If you want that, look for the 3 disk Brilliant box set of Guillou recordings.

It is definitely interesting. I like that the organ and orchestra blend so well. The organ is a part of the orchestra much of the time, not a soloist or a concerto-style antagonist.










Listened to Book One on Sunday morning. Such interesting music. Just the right amount of complexity. But Book One was enough. I'll do Book Two some other time. (This was not a part of the project - I've heard this lots of times.)

Puts me in mind, though, that I haven't got a harpsichord version of the WTC, and I will get one someday.










The German Requiem. The first time I heard it the tempo was too slow, and it hurt me. But this time I loved it. Have to give things several chances. I don't know how I'll feel about the regular tempo now!

I cannot imagine hearing Bruckner by Celibidache. I'll have to try it though - maybe it's exactly what I need to get Bruckner. Or perhaps it'll help me live longer. Who's the character in _Catch-22_ who wants to live longer by being bored?










Listened to the Dvorak. Until now Rostropovich/Karajan was my only recording of this concerto, but in this recording I heard a few details in the orchestra that I hadn't heard in the other one. I'll have to give it another listen as well.

A very nice work of music. It's fascinating to me that within a few bars, you can immediately tell it's Dvorak. He's got a sound of his own.










One more not-for-project work: the op. 8 trio, revised. One of my absolute favorite pieces of music. Really beautiful all the way through, with interesting ideas and lovely tone colors. Love the famous "warm" tones of Brahms. I have several recordings of this and I've listened to all but one several times, and I think this gets the nod for favorite, but I don't want to say anything bad about the Beaux Arts.

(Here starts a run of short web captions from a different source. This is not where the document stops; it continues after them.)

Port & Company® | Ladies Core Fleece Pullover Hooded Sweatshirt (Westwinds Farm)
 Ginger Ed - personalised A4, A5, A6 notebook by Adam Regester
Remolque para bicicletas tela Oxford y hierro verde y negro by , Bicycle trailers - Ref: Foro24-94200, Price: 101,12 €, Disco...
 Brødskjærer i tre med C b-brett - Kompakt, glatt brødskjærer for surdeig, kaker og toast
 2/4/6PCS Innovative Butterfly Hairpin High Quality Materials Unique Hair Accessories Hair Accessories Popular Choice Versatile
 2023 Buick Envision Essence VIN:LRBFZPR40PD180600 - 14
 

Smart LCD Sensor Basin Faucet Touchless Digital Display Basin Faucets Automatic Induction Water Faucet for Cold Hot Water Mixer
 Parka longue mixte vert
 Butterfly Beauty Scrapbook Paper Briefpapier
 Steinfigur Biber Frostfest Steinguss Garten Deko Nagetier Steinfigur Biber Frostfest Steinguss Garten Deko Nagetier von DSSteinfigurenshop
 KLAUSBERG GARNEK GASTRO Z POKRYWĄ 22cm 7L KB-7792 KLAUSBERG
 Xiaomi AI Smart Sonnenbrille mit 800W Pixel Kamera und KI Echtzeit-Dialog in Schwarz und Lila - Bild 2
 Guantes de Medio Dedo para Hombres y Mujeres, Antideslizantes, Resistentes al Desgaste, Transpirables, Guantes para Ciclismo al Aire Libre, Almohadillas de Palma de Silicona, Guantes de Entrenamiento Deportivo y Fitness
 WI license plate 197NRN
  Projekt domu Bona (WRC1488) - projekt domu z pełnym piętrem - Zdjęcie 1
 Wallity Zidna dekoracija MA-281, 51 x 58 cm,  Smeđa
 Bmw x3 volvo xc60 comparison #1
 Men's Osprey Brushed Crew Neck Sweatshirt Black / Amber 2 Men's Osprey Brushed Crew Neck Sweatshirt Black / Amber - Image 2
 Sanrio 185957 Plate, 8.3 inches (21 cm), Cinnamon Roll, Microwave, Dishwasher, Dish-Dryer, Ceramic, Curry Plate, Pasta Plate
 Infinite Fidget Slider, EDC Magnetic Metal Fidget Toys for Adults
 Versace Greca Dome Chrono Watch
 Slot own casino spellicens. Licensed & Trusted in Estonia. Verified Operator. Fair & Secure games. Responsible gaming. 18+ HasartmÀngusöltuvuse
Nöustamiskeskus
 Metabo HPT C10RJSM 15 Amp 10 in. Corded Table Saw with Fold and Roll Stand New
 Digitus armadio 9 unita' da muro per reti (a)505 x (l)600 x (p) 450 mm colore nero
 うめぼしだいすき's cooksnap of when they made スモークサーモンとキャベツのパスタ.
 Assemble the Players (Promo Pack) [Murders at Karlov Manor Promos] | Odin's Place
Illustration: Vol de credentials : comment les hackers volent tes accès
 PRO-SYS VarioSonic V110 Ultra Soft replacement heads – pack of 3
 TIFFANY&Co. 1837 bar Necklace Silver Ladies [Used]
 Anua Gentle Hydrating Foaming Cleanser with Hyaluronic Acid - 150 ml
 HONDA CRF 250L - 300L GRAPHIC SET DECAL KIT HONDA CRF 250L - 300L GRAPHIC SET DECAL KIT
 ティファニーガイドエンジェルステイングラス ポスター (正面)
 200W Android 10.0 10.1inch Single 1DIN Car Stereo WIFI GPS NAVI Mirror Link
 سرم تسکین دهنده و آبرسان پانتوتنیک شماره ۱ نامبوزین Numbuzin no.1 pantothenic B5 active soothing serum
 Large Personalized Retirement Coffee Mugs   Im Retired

Revised the nature of my project, largely because I decided to add the Deutsche Harmonia Mundi box to the project. I've heard most of that only once, so it should be here. But that renders the project impossibly large. So for the duration of the project, I will allow myself a budget of $10 for every 50 hours of project-listening. That will also be easier to keep track of. Now I've earned $10, and am over 16 hours of my way toward another Ax Hamilton.

Question is, once I have my $20, how should I spend it? I've probably got at least a week to think about it...

(Amazing how this project has helped my budget...)


----------



## itywltmt (May 29, 2011)

About the Saint-Saens Organ Symphony: I own the MSO/Dutoit recording, with Peter Hurford on the organ. Interestingly, organ was the great Beckrath at St Joseph's Oratory, and orchestra was recorded separatrely at St Eustache church. A _brilliant _recording, in spite of the technical challenge!


----------



## science (Oct 14, 2010)

That is an interesting thing. Thanks for letting me know about it.


----------